Hacker News new | ask | show | jobs
by jhdevos 3546 days ago
After interviewing many more and less experienced programmers (and asking most of them if they can explain a hash table - just for statistics!), I concur that most cannot.

There were quite some people that thought trees were faster than hash tables though - mostly the ones that had some incling of what a hash table does, but didn't know the entire picture. At least in all those cases I had the pleasure of educating them a little bit :-)

1 comments

> After interviewing many more and less experienced programmers (and asking most of them if they can explain a hash table - just for statistics!), I concur that most cannot.

I found this realisation pretty shocking myself. Several experienced Java developers told me they hadn't even heard the phrase "linked list" before when Java even has a class called LinkedList. :(

I see threads on here all the time about how interviews are broken and you shouldn't be expected to be quizzed on data structures if you're an experienced programmer but I don't agree with that. If you claim to be an experienced programmer and can't explain roughly how a hash table or a linked list works you've obviously got big holes in your knowledge in the areas of optimisation and scalability.

I see threads on here all the time about how interviews are broken and you shouldn't be expected to be quizzed on data structures if you're an experienced programmer

Anyone who thinks that an experienced programmer shouldn't know data structures just isn't programmer material: someone who truly appreciates this profession will have had formal education in algorithms and data structures, and if they do not, they will make sure they learn it on their own. Otherwise - this is how we get bloated crapware.

I just cannot up-vote your comment enough, if I could, I would up-vote it with my both hands and feet!

I always think back to The Art of UNIX programming:

Rule of Representation: Fold knowledge into data, so program logic can be stupid and robust.

http://catb.org/~esr/writings/taoup/html/ch01s06.html#id2878...

> If you claim to be an experienced programmer and can't explain roughly how a hash table or a linked list works you've obviously got big holes in your knowledge in the areas of optimisation and scalability.

What is your definition of "roughly" and how do you think lack of that knowledge affects knowledge of optimization and scalability? I ask not because I necessarily disagree, but because your statement is very subjective. Also because I used to write large-scale real-time signal processing code that didn't use hash tables at all, so lack of knowledge there wouldn't have this effect on our code.

> how do you think lack of that knowledge affects knowledge of optimization and scalability?

I once wrote a log analysis python script. It took 2.5 hours to execute to completion. I then used Cython to compile it to C. It then took about 2 hours to run to completion.

I then stepped back and thought about the data structures I was using. I replaced some lists that were being searched with dictionaries that could were keyed by what I was searching my lists for. Replaced a few other simple data structures.

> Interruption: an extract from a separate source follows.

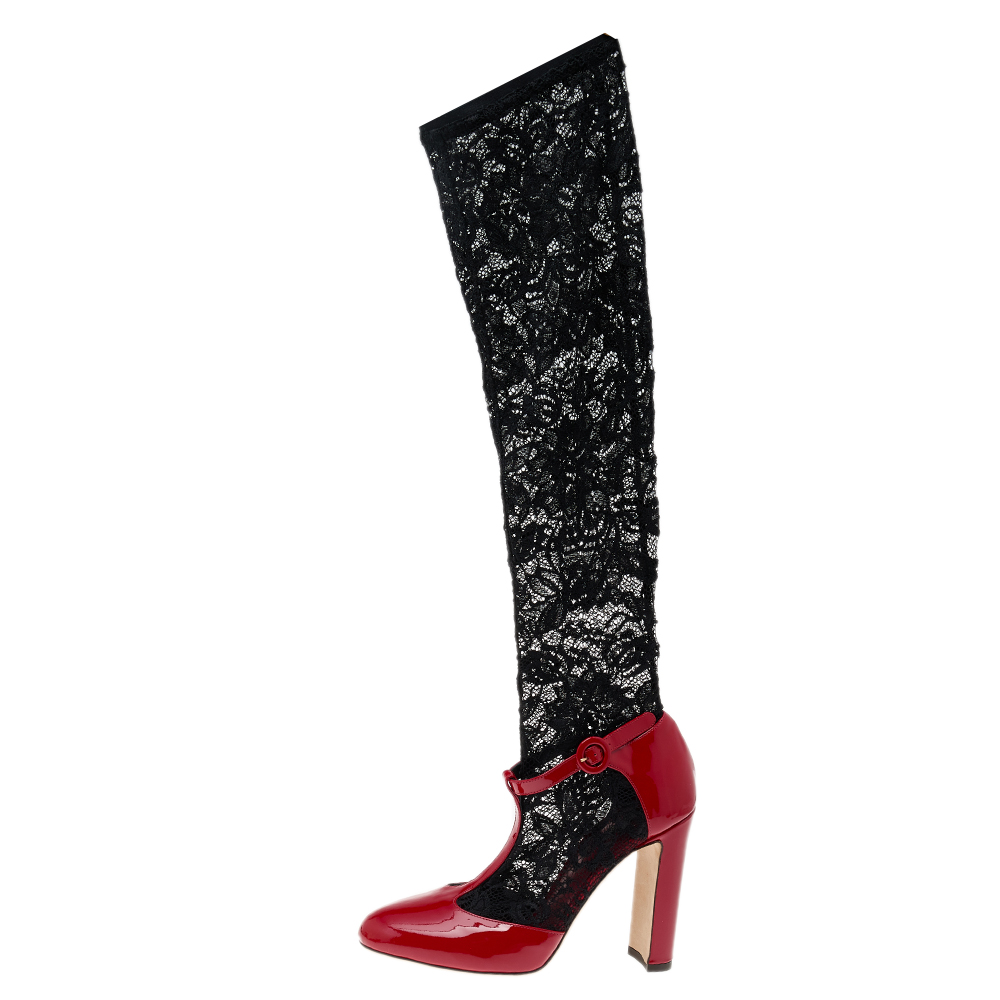 

Dolce & Gabbana Red/Black Patent Leather And Lace Sock Pumps Size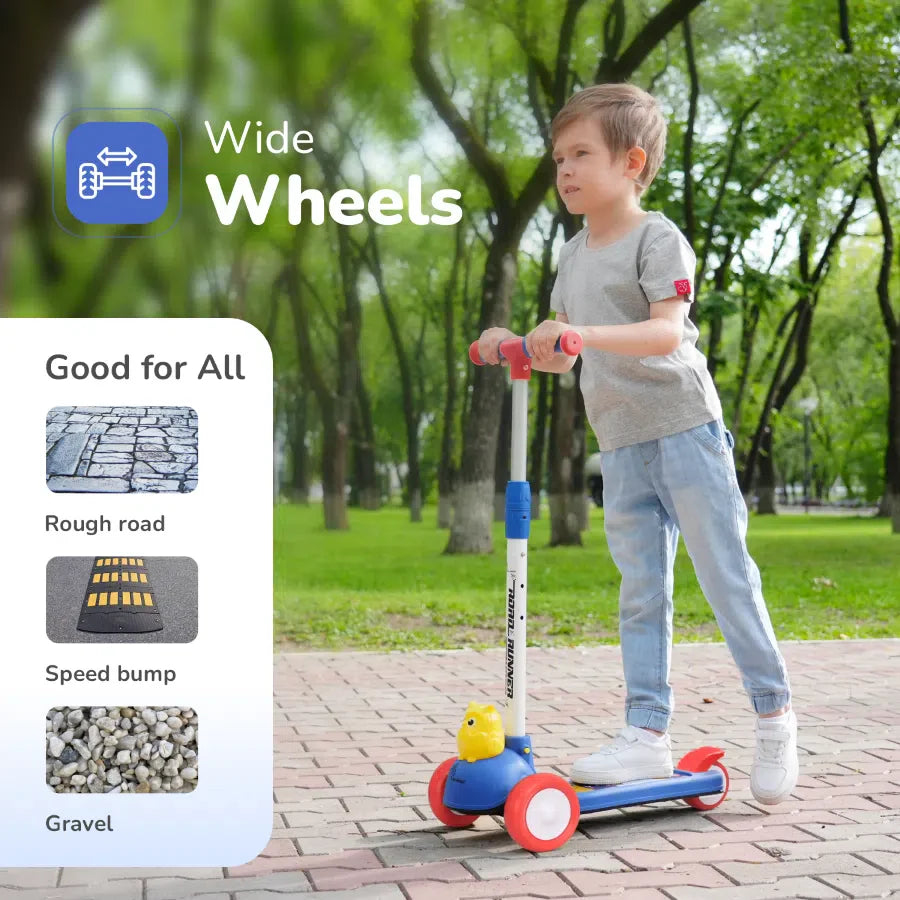 Road Runner Ryder Ace Kids Scooter with PU LED wheels & Multi-Level Height Adjustment - Blue Red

Now the script took, IIRC, 20 seconds to run to completion.

Now, I don't think you necessarily need to know all of the internal details of how a data structure is implemented to know its performance characteristics or when to use (or not use) them. However, the point is that by understanding their performance characteristics, code can be optimized or made more scalable.

Also, while something like a hash table might not be faster in actual real life terms (ie worse O() complexity can still be better wall clock; eg searching an array linearly can be faster than accessing a hash table since the array can be in cache and prefetched) when run on a single machine, big-O complexity can start mattering much more when you have a distributed workload or TB worth of data. (Although if you have a distributed workload, you have distributed systems problems to deal with too).

Having said all of this, without going into specific implementation details, hash tables and linked lists are incredibly simple and I see no reason why anyone calling themselves a programmer would have trouble with these. I mean, I wouldn't expect you to be able to write a good hash function or anything, but explaining the basic concept shouldn't be too hard for most programmers. If someone is self-taught, then ok maybe they haven't ever needed to learn this. Its definitely possible, but I would at least hope they would know basic performance characteristics or at least some rules of thumb as to when to use what data structure. Hopefully based on logic and not just hearsay ;-)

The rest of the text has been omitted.